### Task brief
With the pictures omitted, please transcribe exactly the lines beginning at the one that contains "You told Lingo" and ending with the last line of the records below.

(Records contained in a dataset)
§ §
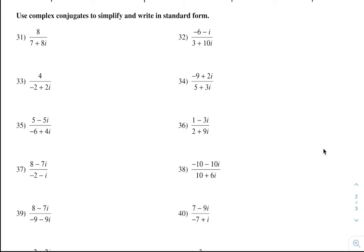Hey guys, here's your homework on division with complex numbers.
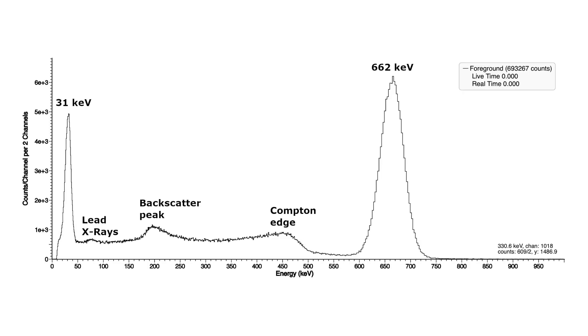Cesium-147 has a very characteristic gamma spectrum with two large peaks at 31 keV and 662 keV, which makes it a very popular calibration source for gamma spectrometers.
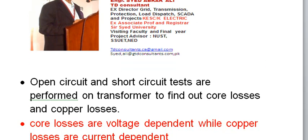The open circuit test is performed to find out the core losses — the losses in the core of the transformer. The short circuit test is performed to measure the copper losses in the power transformer. The core is usually made of iron, and the copper losses are in the winding.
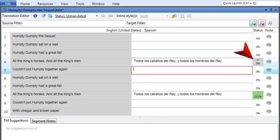You told Lingo it was the right translation, and so it added it to the translation memory. Later, when you see this segment in the project again, Lingo will offer this translation to you as a suggestion.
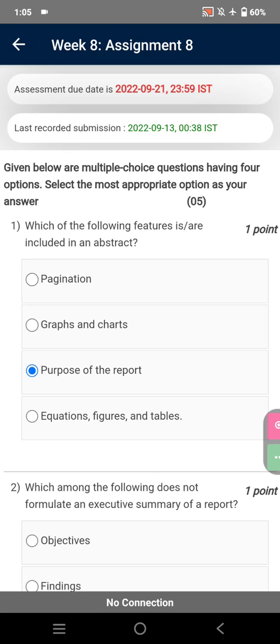Dear NPTEL users, welcome to our channel. In this video we will discuss assignment 8 of our course of soft skills under NPTEL. As you can see at the top, it is mentioned that the assessment due date is 21st of September 2022. So without taking much time, we are just moving towards the very first question.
§ §
### Result of this exercise
You told Lingo it was the right translation, and so it added it to the translation memory. Later, when you see this segment in the project again, Lingo will offer this translation to you as a suggestion.
Dear NPTEL users, welcome to our channel. In this video we will discuss assignment 8 of our course of soft skills under NPTEL. As you can see at the top, it is mentioned that the assessment due date is 21st of September 2022. So without taking much time, we are just moving towards the very first question.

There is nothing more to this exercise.